In addition, cold booting on battery power, then plugging the charger generates the "asus_wmi: Unknown key cf pressed" message. I remember seeing a different "key" one time I was quickly plugging and unplugging the charger, but not which specific key.
Created attachment 1627143 [details] Dmesg with rawhide kernel I managed to install the Rawhide kernel, and got some more output from the bug. Please find a new dmesg attached.
Is there anyone looking at this? I am experiencing the exact same issue on my ASUS UX391UA laptop.
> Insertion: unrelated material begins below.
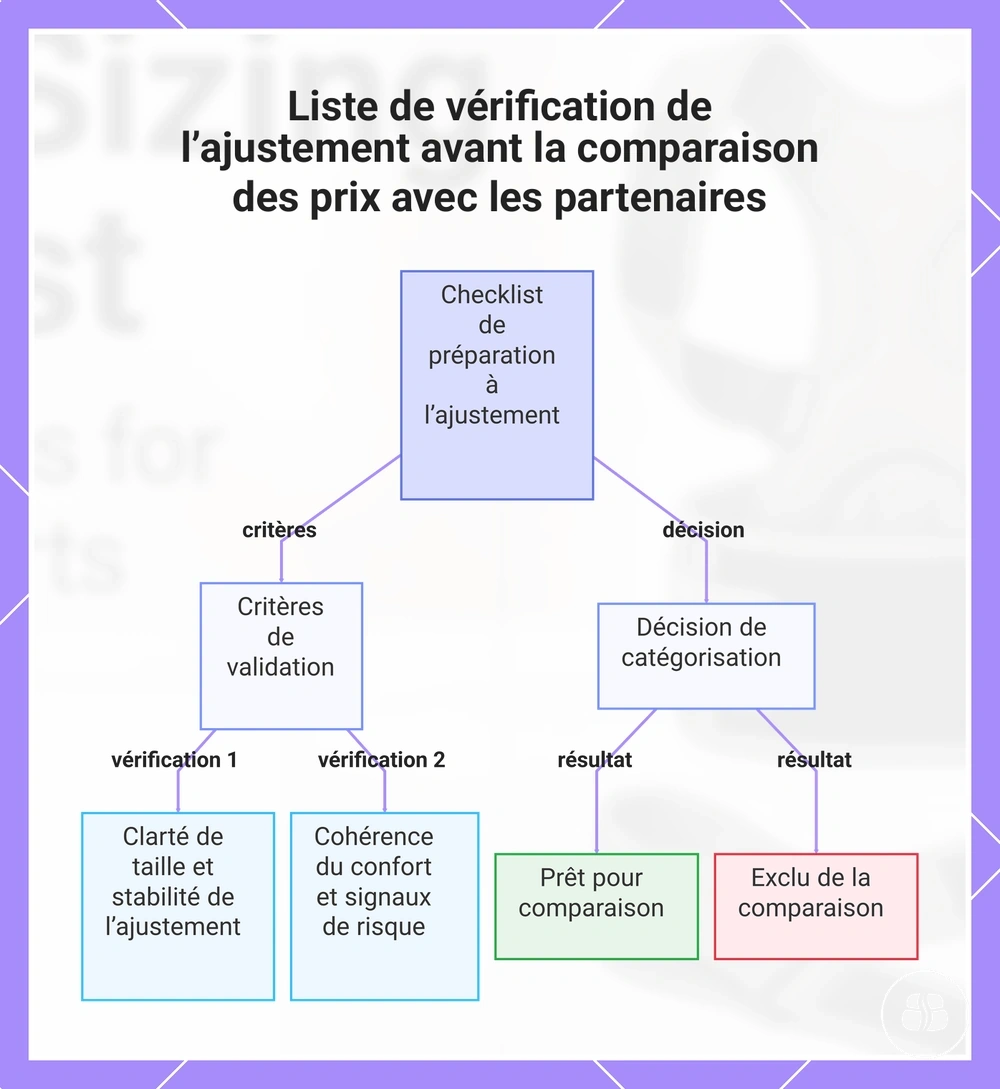 Liste de vérification de l’ajustement avant la comparaison des prix avec les partenaires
This seems to be related to bug 1745924. As I mentioned there I have been talking to the upstream ucsi driver maintainer (Heikki Krogerus) and he would like for someone who is having this problem to file a bug at bugzilla.kernel.org and work through the issue with him there. Please go to https://bugzilla.kernel.org/enter_bug.cgi?product=Drivers choosing USB as component. So that he can work directly with you to debug this. Please post a link to the new bug here, then I can assign the kernel.org bug to him.
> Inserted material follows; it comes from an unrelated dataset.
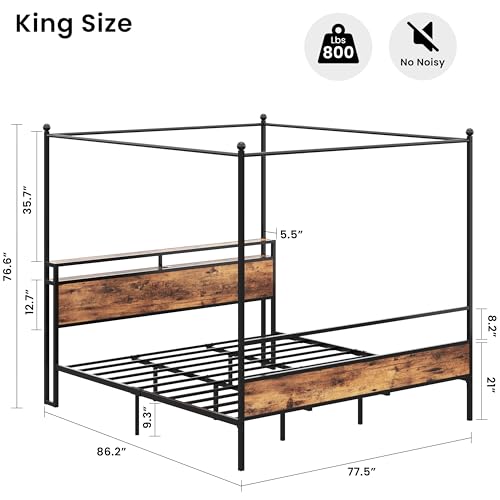 Canopy Bed Frame King with Storage Headboard & Charging Station, view 3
Thanks Hans. I have submitted the bug: https://bugzilla.kernel.org/show_bug.cgi?id=206365
Thank you, I've assigned the bug to Heikki and also send him an email about it. Lets continue this in the bugzilla.kernel.org bugzilla.
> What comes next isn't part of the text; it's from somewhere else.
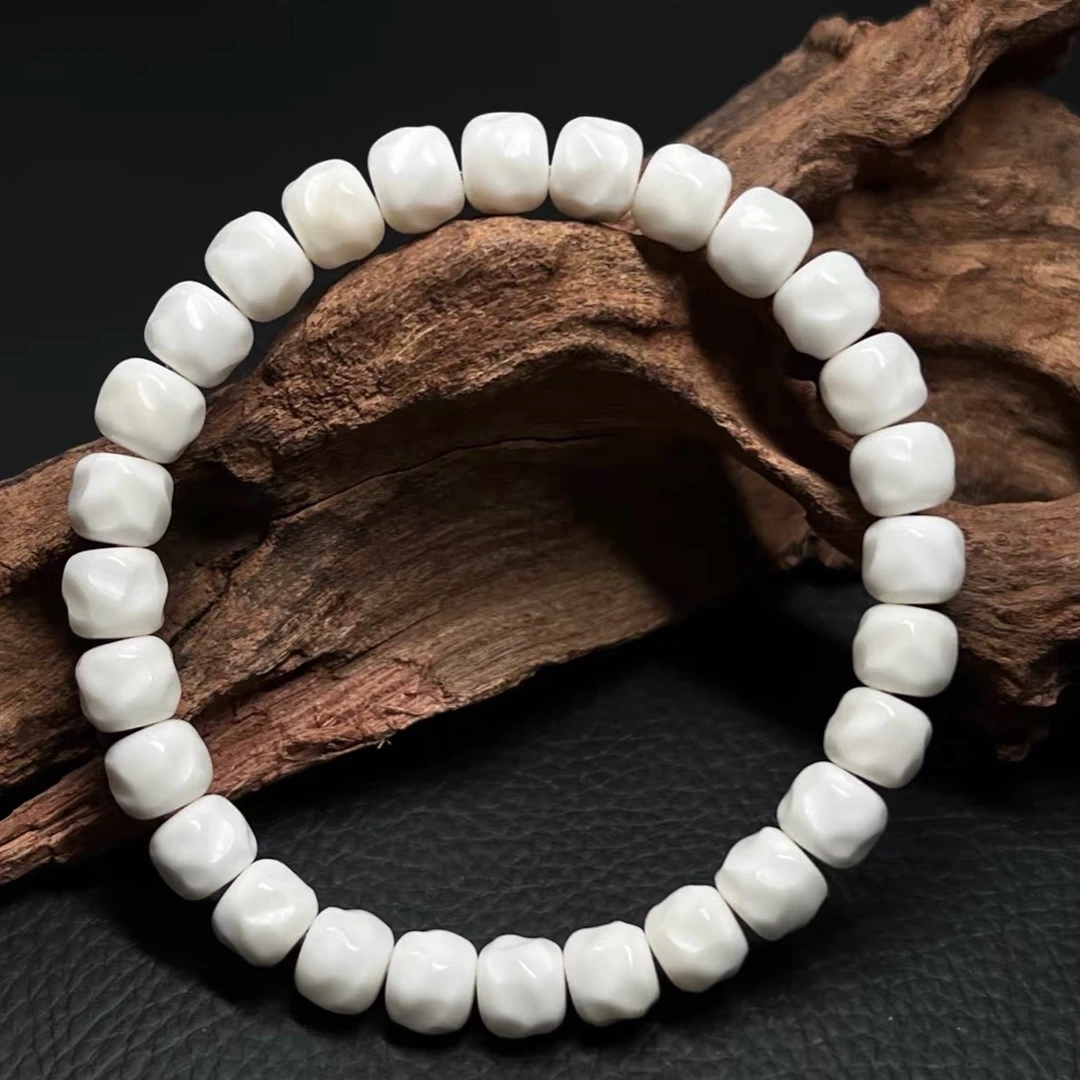 无相单圈真正的白玉菩提雕刻无相单圈非菩提根文玩菩提子手串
Ping? Many people seem to be hitting this, also see bug 1762031, bug 1785972, bug 1798810 and bug 1800913. Can someone seeing this issue please provide the information requested in the upstream bug to help debug this ? : https://bugzilla.kernel.org/show_bug.cgi?id=206365#c5
After checking the upstream bug one more time, I noticed that yesterday Heikki provided a patch to test. I've started a test/scratch build of a Fedora kernel with that patch added: https://koji.fedoraproject.org/koji/taskinfo?taskID=41491485 (note still building atm, this takes a couple of hours) See here for generic instructions for installing a kernel directly from koji: https://fedorapeople.org/~jwrdegoede/kernel-test-instructions.txt If you can reproduce the bug, by e.g. unplugging your chager, then please give this new kernel a try and let us know if it fixes things. If this new kernel does not fix things, please collect the debugging info described here: https://bugzilla.kernel.org/show_bug.cgi?id=206365#c5
The kernel test build is ready for downloading, please give it a try.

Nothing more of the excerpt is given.